It’s the late 16th century, in the aftermath of aplague outbreak, and you’re a Londoner troubled by a heaviness in the limbs and involuntary upward purging. You need to see a physician, and you’ve heard tell around town of an ambitious young fellow named Simon Forman, who reads the stars to aid his diagnoses. He might not have an actual medical licence, but that hasn’t stopped him from attracting some very high-profile querents. Who needs the approval of the College of Surgeons when you’re blessed with an eye for destiny?
Astrologaster is bawdy biographical fiction told through medical quandaries and humorous choral music, all the more entertaining because it’s based on things that actually happened. You play as Forman, the astrologer-physician, and colourful characters come by to demand diagnoses, treatments, and sometimes to be read fortunes written in the stars.

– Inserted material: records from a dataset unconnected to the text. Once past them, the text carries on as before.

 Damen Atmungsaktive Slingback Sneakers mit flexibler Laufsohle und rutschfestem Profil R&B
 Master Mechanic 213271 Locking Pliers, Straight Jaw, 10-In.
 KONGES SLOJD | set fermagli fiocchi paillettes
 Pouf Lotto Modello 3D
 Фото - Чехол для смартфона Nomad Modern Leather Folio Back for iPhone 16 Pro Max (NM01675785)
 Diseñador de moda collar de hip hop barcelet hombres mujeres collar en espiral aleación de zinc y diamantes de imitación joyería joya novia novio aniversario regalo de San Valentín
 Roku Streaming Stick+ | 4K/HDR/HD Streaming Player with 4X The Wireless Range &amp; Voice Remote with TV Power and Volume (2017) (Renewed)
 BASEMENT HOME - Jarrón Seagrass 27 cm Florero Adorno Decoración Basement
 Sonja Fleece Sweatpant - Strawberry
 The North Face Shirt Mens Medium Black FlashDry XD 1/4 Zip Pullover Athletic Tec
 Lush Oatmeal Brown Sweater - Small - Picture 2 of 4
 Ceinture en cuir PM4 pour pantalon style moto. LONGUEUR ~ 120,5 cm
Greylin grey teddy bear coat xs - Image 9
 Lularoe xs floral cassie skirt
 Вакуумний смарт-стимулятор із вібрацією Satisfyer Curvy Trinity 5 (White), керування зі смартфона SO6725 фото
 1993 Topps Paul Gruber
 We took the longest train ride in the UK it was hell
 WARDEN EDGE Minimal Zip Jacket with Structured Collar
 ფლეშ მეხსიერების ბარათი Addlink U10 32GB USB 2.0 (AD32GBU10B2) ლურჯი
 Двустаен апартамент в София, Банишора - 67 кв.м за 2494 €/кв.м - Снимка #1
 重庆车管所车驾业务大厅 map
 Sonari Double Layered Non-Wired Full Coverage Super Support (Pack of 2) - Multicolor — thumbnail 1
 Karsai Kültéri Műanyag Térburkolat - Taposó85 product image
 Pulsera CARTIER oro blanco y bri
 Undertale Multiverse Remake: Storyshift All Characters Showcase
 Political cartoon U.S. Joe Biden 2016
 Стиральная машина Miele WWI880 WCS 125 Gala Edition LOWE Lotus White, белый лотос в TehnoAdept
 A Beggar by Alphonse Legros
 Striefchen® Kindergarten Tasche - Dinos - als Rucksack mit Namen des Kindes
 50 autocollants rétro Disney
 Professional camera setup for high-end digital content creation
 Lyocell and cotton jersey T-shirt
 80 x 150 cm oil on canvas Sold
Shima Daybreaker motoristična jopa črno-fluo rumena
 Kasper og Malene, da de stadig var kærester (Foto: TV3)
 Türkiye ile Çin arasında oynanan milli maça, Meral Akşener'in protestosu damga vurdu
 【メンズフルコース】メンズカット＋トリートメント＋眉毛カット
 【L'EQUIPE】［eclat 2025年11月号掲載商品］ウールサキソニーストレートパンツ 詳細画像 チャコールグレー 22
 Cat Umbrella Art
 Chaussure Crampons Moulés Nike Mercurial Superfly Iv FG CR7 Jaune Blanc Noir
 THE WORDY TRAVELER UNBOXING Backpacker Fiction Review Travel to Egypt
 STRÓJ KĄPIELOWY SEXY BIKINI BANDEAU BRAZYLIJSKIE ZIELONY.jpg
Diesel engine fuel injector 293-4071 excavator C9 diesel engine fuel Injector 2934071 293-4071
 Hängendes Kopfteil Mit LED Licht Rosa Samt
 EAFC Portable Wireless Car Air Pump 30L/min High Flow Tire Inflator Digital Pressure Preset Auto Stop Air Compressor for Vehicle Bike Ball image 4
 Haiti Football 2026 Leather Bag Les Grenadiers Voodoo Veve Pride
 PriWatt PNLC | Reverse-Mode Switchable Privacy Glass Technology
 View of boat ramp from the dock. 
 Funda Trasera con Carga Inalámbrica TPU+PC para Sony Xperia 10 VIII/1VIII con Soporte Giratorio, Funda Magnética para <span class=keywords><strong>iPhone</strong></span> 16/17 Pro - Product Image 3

These patients – from a stern Protestant nimby to a frustrated female playwright to a self-sabotaging hypochondriac and a society lady who throws disastrous dinner parties – are hilariously written and well acted, each introduced by a choir. (“Sybil Fortescue! She always has what’s new.”)
After examining the skies for hints about your patients’ personal lives, you suggest a treatment or course of action for them. There is no right answer – here as in real life, astrology is a rather inexact practice – but you’ll find your querents more pleased with certain suggestions than others. I enjoyed trying to sabotage the life of a puffed-up duke’s son, and was equal parts annoyed and amused when he kept coming back to thank me for the excellent advice. These characters’ stories have some excellent twists, as does Forman’s.
Astrologaster is based on the casebooks of the real Simon Forman (1552-1611), who practised his peculiar brand of medicine for years and was notorious for philandering with his patients and for his numerous prison sentences. If anything, this fictionalised version of his life is less dramatic than the reality, but it’s a lively and surprising comedy that portrays a weird slice of Shakespeare’s London with modern wit.